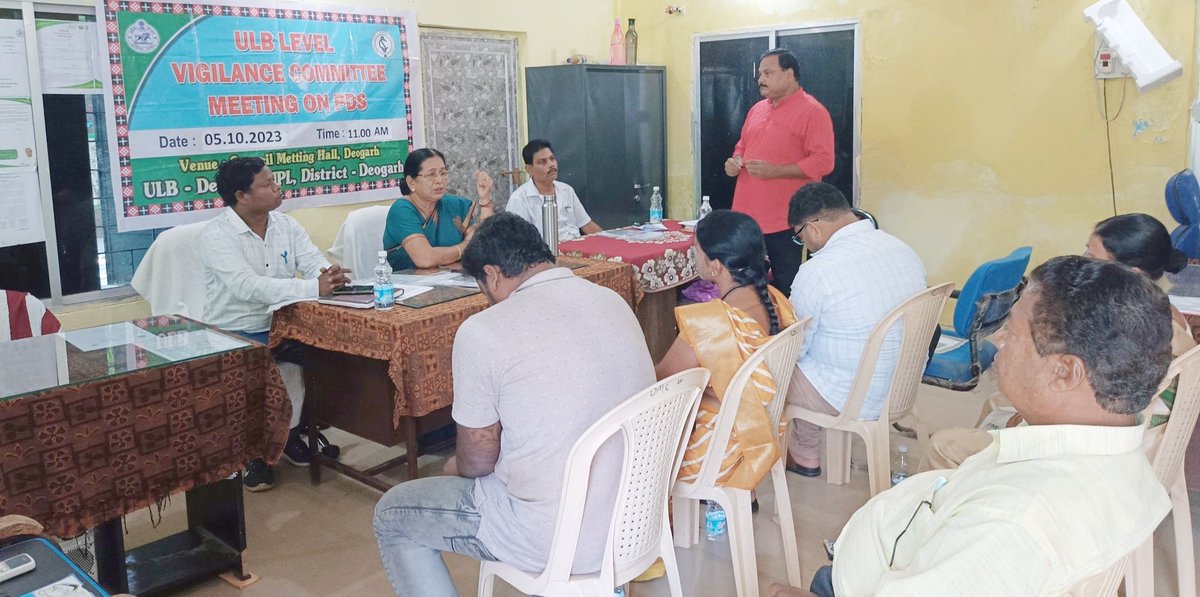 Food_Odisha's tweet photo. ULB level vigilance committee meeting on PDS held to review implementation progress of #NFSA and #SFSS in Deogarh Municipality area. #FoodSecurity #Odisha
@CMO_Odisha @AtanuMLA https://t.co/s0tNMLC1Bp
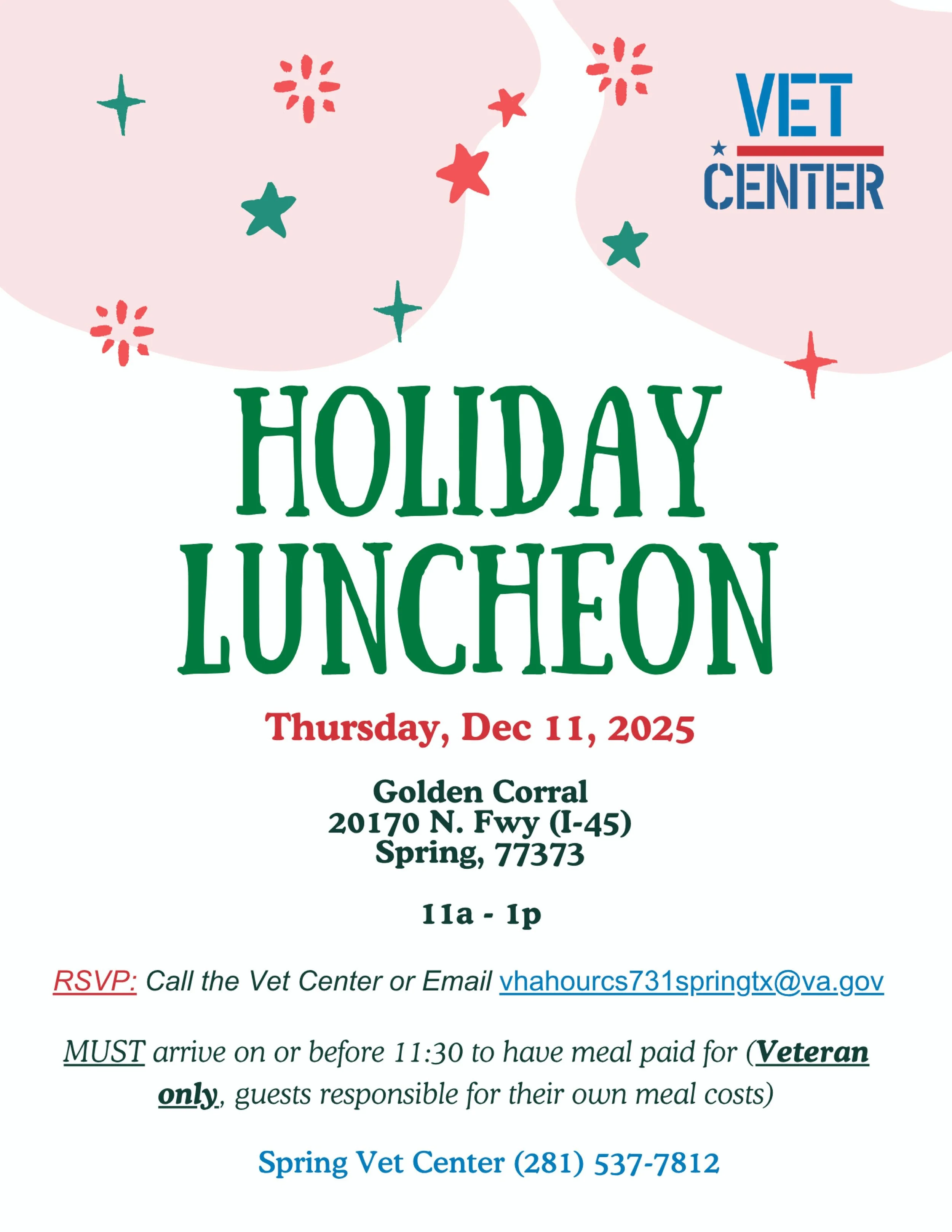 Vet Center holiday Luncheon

· · ·

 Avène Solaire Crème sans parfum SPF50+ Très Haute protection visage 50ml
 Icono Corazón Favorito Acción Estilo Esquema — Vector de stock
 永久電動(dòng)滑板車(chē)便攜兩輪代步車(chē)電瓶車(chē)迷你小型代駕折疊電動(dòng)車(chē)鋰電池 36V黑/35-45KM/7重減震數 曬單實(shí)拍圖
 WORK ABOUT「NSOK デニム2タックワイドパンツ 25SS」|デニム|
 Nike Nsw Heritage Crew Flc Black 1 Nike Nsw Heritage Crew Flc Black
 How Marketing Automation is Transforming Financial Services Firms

· · ·

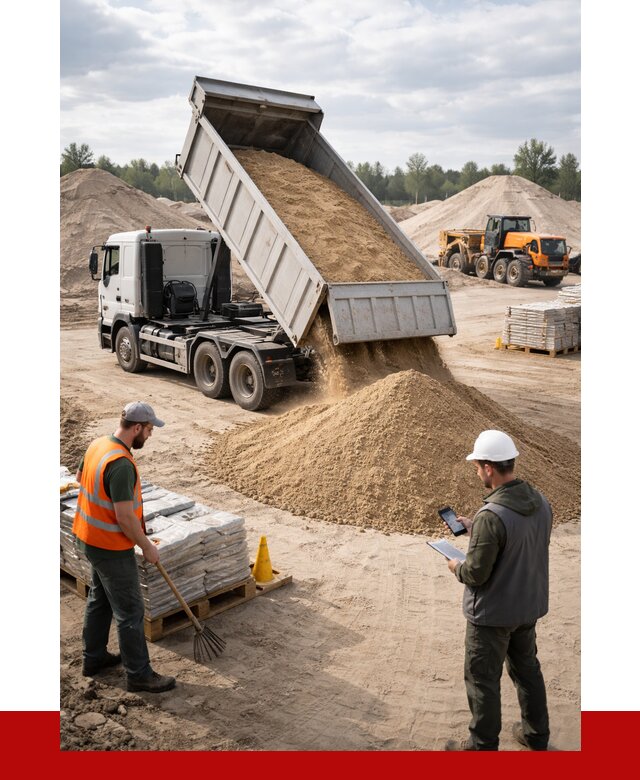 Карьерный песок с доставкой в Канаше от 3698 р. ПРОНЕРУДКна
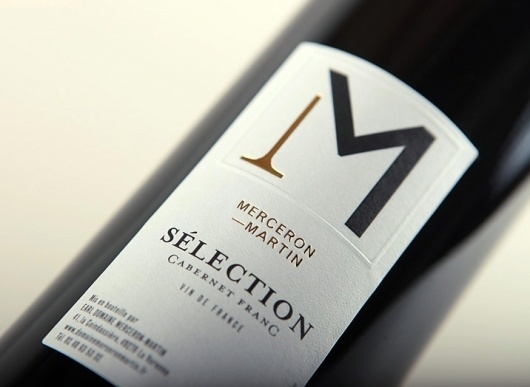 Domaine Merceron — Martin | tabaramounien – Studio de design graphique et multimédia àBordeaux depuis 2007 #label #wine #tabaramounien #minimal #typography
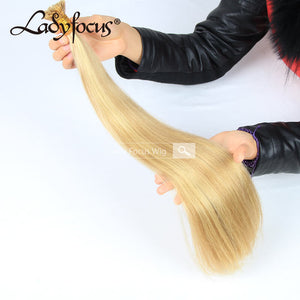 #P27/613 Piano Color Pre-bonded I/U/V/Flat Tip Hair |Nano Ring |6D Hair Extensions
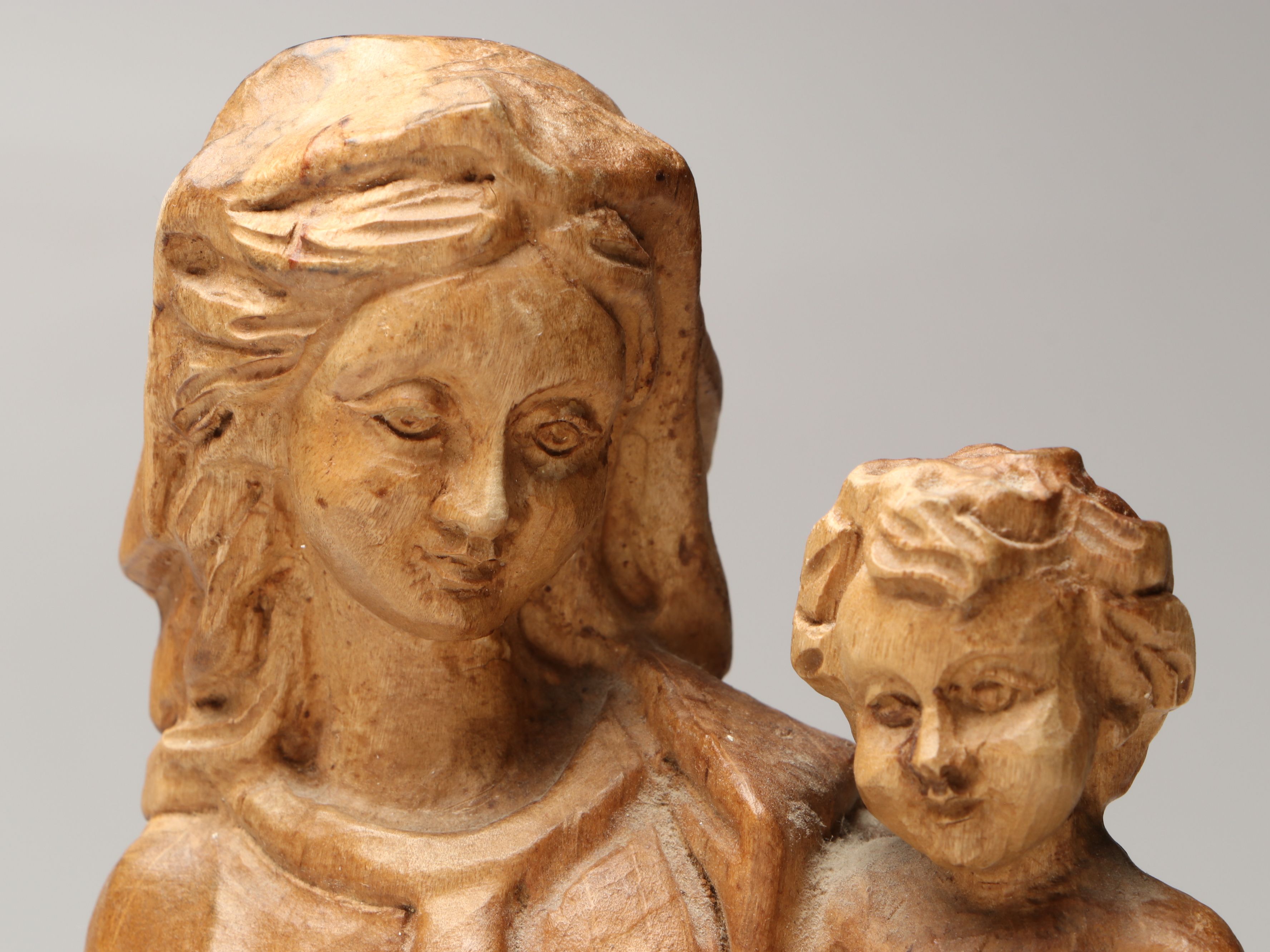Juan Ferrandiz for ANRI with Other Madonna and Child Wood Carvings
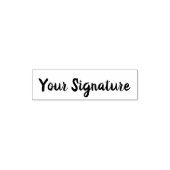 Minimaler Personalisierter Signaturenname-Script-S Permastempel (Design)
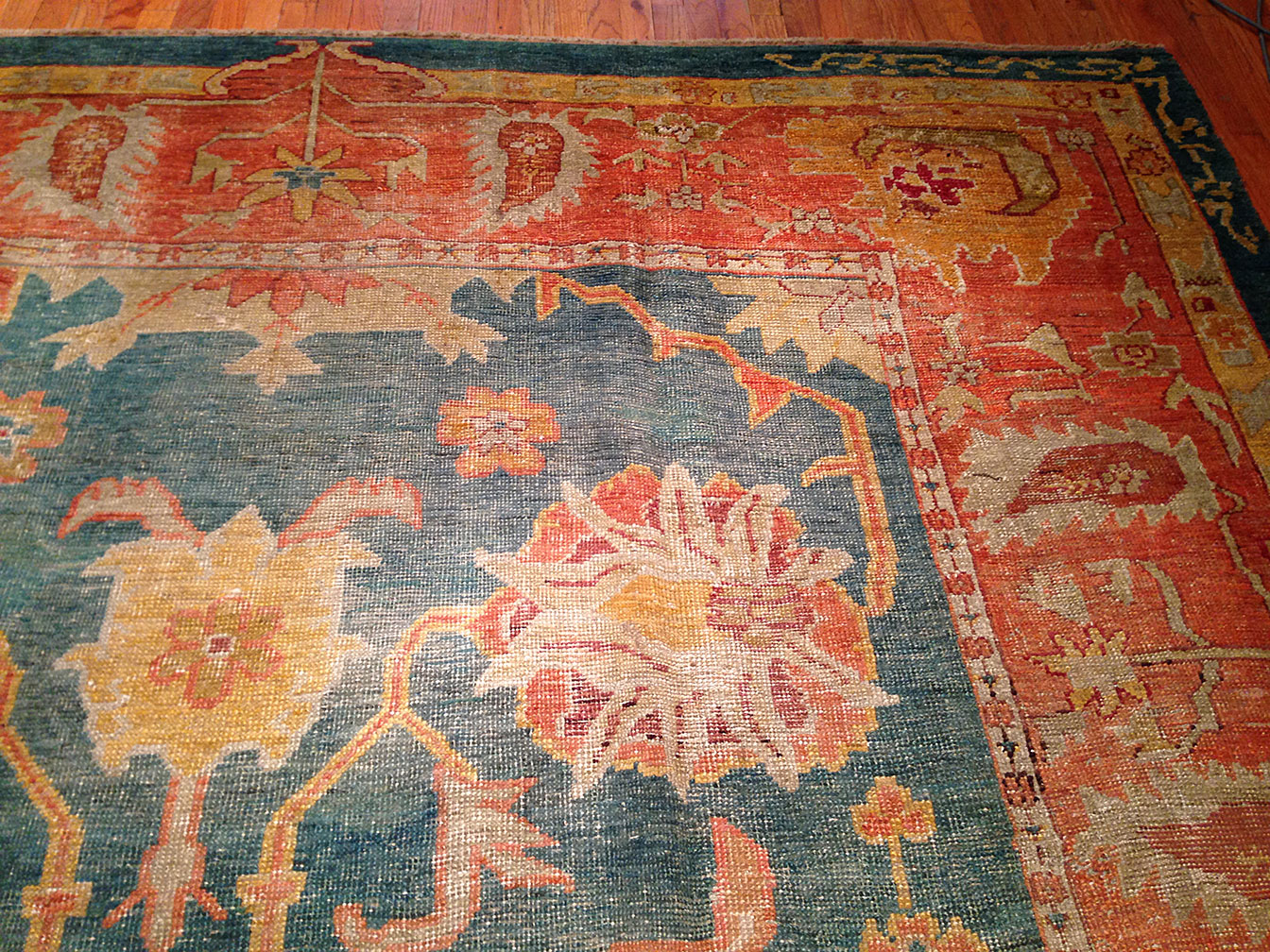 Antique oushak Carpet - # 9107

· · ·

#### [EXERCISE]
Of the lines above, quote exactly those from the one with "Juan Ferrandiz for" through the one with "Antique oushak Carpet - # 9107", ends included; pictures stay out.

#### [EXERCISE SOLUTION]
Juan Ferrandiz for ANRI with Other Madonna and Child Wood Carvings
 Minimaler Personalisierter Signaturenname-Script-S Permastempel (Design)
 Antique oushak Carpet - # 9107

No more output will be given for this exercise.